Servais departs at a time where Seattle still remains in the postseason race but with fleeting chances — a far cry from where the club stood entering play on June 19, with a 10-game lead atop the American League West. Since then, the Mariners have gone 20-32 for a .385 winning percentage that is MLB’s lowest other than the White Sox, who are on pace for one of the worst seasons in history.
Seattle’s downturn has been steady over the past two months, but it took a steeper nosedive after a 1-7 road trip that featured among the club’s most stinging losses of the season.
With it, the Mariners have fallen to five games behind the Astros in the division race, which is likely their only realistic path to the playoffs, as they are 7 1/2 games back of the final AL Wild Card spot, with the Red Sox and Rays in between.
A fall of such significance — and in the final stretch of a season with expectations — casts a cloud of uncertainty on where the organization goes from here.
The players repeatedly have suggested that they’ve underachieved.

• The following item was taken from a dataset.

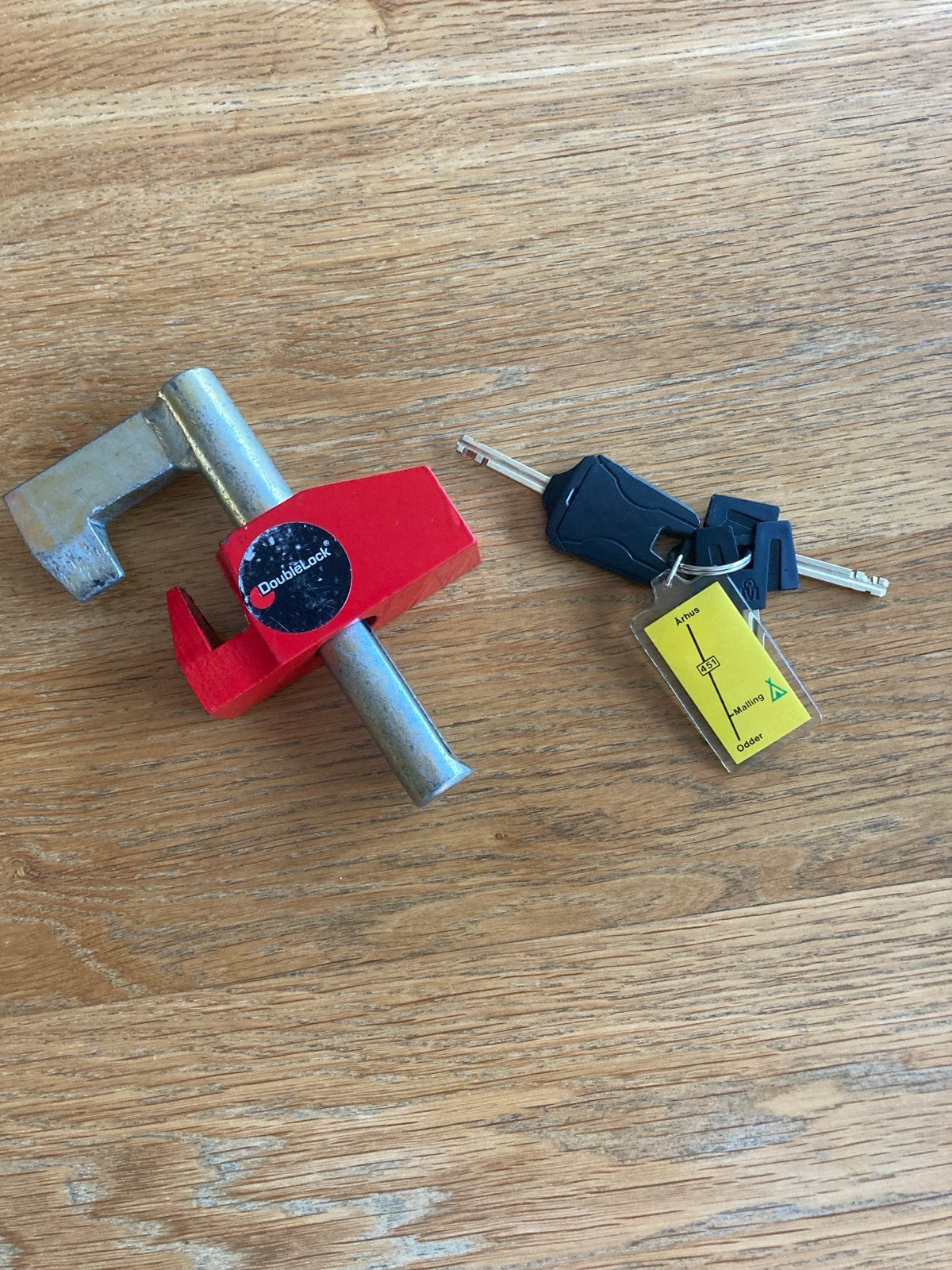 DoubleLock Disselslot voor aanhanger/caravan, Ophalen of Verzenden, Gebruikt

The coaching staff, especially on the hitting side, has been burdened with significant blame. The front office, under president of baseball operations Jerry Dipoto and general manager Justin Hollander, faces the reality that the roster’s shortcomings fall within their scouting and construction.
The Mariners have an all-world rotation that features three All-Stars (Luis Castillo, Logan Gilbert and George Kirby) and two blossoming youngsters (Bryce Miller and Bryan Woo). But that group has been handcuffed by an offense that’s been so inconsistent — a drastic disparity that was repeatedly exposed on the recent road trip.
Mathematics and their tumbling trends don’t play in the Mariners’ favor, but they do still have 34 games remaining. And now, the organization’s brain trust will instead rely on a new voice to pull them out of this slide — because if they ultimately don’t reach October, Servais could be just the first casualty ahead of what will be a long and defining offseason.
In his ninth season with Seattle, Servais was MLB’s second-longest-tenured manager with the same team, along with the Dodgers’ Dave Roberts and behind only the Rays’ Kevin Cash, who began with Tampa Bay one year earlier.
Servais’ time here ends after compiling a 680-642 record, making him the second-longest-tenured and second-winningest manager in team history, behind only Lou Piniella in each category. Servais’ greatest achievement in Seattle is leading the club to the 2022 postseason, which ended an agonizing drought that spanned more than two decades.
Servais was hired by Dipoto one month after Dipoto was brought on, in October 2015, and has 35 years of experience in pro baseball. He played in the Majors for 11 seasons then transitioned to front-office roles after his final season in 2001. He was a roving catcher then a scout and worked all the way up to being a director of player development for the Rangers and assistant GM for the Angels.
The Mariners’ gig was his first as a manager at any level, fulfilling a lifelong dream that he expressed to Dipoto when they were towards the end of their playing careers in the Rockies’ organization in 2000.